Pembelaan kami terhadap kebebasan penciptaan dan tafsir atas
karya seni rupa dilandasi oleh semangat penghargaan terhadap
martabat, hak dan kebebasan manusia dalam masyarakat
yang beradab dan demokratis.
3.
Kami menolak penilaian atas karya seni rupa yang menggunakan
sembarang pandangan dan norma yang tidak bersangkut-paut
dengan disiplin dan keahlian seni rupa. Terlebih lagi jika penafsiran
dan penilaian itu mendaku sebagai satu-satunya kebenaran—dengan
embel-embel "mewakili suara dan kepentingan mayoritas" sekalipun.
4.
Kami membela sepenuhnya kebebasan berpendapat,
tapi bukan sebagai alasan dan cara untuk mengancam, menghukum,
mengurangi, atau bahkan menghapus kebebasan berpendapat
pihak lain.
Maka, kami menolak segala cara dan upaya yang secara sembrono
memandang dan memperlakukan penciptaan karya seni rupa sebagai
tindakan kriminal.
5.
Kami membela sepenuhnya hak dan kebebasan setiap pihak untuk
menyelenggarakan berbagai bentuk kegiatan yang mempertemukan
karya seni rupa dengan masyarakat—pameran, pertunjukan, diskusi,
penerbitan, dan lain-lain—karena kami percaya bahwa masyarakat
Indonesia memiliki hak untuk menikmati dan mengapresiasi
karya seni rupa dalam ruang sosial yang bebas dan terbuka.

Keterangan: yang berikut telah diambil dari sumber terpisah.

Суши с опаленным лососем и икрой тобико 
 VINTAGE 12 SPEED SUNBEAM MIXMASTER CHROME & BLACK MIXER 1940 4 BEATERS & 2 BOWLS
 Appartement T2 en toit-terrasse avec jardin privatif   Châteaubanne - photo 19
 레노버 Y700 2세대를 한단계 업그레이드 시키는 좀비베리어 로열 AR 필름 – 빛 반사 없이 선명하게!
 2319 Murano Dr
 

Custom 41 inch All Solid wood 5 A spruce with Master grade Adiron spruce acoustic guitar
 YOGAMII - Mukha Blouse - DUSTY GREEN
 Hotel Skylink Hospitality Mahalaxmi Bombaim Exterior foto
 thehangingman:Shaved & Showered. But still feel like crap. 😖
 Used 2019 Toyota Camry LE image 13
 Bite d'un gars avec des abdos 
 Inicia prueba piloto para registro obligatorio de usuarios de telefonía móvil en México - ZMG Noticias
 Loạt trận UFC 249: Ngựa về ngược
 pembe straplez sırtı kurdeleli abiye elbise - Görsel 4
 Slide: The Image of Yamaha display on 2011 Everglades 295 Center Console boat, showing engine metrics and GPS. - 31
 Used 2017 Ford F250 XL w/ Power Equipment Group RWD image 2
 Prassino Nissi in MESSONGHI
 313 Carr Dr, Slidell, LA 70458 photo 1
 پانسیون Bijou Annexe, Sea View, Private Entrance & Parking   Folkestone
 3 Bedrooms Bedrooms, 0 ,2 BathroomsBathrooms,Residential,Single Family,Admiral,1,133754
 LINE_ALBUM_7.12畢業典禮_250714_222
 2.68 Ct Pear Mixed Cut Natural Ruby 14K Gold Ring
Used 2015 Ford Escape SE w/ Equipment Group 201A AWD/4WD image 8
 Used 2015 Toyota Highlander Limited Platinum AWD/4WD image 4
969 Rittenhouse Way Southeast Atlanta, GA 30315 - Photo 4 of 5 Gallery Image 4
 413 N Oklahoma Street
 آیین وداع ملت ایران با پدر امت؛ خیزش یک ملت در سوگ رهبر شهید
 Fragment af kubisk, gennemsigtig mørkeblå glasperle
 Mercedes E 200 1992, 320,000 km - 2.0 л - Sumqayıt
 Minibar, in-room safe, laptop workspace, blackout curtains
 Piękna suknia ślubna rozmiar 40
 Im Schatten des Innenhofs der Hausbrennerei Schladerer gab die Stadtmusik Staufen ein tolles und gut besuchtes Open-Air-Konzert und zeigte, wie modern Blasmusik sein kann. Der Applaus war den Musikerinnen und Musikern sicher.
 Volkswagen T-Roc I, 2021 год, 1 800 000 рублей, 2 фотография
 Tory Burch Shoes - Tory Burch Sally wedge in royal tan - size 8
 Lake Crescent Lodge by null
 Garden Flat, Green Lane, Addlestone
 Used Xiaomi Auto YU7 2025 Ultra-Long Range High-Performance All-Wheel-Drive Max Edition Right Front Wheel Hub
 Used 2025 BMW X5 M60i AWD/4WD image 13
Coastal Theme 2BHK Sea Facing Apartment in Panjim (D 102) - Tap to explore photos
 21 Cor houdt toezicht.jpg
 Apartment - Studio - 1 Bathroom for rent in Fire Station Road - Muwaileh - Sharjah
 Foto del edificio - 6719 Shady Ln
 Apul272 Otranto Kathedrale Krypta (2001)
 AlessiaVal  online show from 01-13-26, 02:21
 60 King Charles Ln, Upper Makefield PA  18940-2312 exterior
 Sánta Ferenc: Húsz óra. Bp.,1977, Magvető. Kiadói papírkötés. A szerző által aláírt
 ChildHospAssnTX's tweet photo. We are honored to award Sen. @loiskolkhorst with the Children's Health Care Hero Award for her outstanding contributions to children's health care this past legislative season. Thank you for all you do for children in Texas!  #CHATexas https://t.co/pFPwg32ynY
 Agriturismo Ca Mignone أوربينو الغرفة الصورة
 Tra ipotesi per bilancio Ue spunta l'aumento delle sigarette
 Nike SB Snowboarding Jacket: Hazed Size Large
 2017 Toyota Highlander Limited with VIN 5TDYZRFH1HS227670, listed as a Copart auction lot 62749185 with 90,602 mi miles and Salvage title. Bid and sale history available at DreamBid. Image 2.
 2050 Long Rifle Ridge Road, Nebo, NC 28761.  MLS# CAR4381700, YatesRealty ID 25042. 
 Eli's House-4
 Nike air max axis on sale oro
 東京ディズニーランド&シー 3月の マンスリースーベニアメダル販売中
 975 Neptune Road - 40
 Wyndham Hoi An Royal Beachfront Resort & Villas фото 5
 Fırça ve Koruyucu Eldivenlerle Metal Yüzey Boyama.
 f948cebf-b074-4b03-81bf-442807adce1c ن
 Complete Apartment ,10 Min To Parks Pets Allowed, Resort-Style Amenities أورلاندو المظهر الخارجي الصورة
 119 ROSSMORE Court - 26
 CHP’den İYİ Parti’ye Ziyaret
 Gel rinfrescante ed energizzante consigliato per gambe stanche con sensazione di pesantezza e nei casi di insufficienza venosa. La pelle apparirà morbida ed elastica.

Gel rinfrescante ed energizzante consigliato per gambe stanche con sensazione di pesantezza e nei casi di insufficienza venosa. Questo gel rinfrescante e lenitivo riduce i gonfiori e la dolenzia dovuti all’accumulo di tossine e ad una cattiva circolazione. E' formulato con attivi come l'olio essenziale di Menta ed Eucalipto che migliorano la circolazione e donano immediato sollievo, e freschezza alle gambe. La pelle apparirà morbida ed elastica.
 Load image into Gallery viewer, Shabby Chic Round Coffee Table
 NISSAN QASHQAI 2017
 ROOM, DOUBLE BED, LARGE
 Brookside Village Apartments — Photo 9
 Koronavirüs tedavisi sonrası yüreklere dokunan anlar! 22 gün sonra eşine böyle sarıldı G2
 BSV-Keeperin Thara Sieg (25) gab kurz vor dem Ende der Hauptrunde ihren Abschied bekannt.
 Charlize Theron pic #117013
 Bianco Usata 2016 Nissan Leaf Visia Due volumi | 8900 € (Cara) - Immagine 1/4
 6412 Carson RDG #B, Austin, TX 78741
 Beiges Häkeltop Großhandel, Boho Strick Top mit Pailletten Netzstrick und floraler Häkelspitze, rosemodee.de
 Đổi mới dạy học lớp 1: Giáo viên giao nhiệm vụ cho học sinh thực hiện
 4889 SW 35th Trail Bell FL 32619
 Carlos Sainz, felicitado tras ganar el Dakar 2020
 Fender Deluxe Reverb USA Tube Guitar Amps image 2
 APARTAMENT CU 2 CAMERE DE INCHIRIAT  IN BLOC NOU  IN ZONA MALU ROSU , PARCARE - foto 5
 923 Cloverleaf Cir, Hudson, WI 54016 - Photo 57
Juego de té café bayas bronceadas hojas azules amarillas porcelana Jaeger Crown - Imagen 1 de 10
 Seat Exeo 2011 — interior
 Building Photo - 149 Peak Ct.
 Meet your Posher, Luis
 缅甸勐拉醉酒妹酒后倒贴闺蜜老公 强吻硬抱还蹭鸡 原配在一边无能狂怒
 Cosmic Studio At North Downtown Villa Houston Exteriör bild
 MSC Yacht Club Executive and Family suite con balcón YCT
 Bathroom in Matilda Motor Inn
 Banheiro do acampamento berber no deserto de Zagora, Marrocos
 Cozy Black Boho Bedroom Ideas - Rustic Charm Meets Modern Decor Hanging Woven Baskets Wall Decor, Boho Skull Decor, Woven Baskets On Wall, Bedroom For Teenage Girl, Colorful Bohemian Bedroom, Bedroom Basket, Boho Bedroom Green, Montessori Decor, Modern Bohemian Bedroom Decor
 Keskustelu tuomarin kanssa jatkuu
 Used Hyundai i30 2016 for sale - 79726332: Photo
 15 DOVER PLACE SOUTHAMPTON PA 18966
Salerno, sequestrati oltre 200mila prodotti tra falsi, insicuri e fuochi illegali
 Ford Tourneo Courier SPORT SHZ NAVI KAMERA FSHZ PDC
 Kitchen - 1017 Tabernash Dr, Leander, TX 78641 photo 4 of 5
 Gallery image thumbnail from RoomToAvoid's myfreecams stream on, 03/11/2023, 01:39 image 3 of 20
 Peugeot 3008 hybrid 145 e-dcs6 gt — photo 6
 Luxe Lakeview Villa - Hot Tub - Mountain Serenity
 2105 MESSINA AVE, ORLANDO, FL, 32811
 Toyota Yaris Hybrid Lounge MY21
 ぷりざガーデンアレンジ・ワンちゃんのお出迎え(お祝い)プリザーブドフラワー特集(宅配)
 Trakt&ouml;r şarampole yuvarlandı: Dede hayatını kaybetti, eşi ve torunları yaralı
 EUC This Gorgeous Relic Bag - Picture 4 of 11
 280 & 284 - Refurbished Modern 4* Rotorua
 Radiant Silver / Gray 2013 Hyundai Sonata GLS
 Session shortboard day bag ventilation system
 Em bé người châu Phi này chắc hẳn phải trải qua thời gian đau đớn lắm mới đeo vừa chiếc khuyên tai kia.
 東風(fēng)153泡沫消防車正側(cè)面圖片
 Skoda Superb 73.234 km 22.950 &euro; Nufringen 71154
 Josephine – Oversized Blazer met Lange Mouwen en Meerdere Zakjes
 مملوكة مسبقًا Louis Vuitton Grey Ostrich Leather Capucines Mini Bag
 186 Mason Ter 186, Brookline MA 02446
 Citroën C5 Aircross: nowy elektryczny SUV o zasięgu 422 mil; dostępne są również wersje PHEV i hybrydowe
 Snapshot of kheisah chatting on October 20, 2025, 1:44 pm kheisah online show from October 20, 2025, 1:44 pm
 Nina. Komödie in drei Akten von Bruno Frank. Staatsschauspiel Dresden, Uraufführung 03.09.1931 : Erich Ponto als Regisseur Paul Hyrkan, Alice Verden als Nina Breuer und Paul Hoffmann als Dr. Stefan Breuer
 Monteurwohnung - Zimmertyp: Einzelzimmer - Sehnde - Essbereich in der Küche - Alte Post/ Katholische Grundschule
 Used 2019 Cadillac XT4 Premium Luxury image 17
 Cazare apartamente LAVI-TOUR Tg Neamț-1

Maka, kami menyayangkan dan mengecam pihak-pihak yang
terus berdiam-diri membiarkan terjadinya kriminalisasi terhadap
penciptaan karya seni rupa dan penyelenggaraan kegiatan seni rupa.
Kami menagih peran negara (cq. Menteri Kebudayaan dan Pariwisata
Republik Indonesia, Menteri Pendidikan Nasional Republik Indonesia,
dan badan lain yang terkait), dan juga lembaga-lembaga pendidikan
seni rupa untuk membela keabsahan seni rupa Indonesia sebagai
bidang keahlian yang punya otoritas keilmuan dan dapat
diselenggarakan di ruang sosial yang bebas dan terbuka.
6.
Kami percaya bahwa semua pihak yang berperan dan bekerja
sungguh-sungguh demi perkembangan dan kemajuan seni rupa
Indonesia dan pranata pendukungnya—seniman, penulis, kritikus,
kurator, model, komunitas seniman, kolektor, pengelola galeri,
balai lelang, media massa, majalah seni rupa, jurnal dan lain-lain
—mampu mengatur dan mengelola kehidupannya sendiri sebagai
bagian dari masyarakat Indonesia yang beradab dan demokratis.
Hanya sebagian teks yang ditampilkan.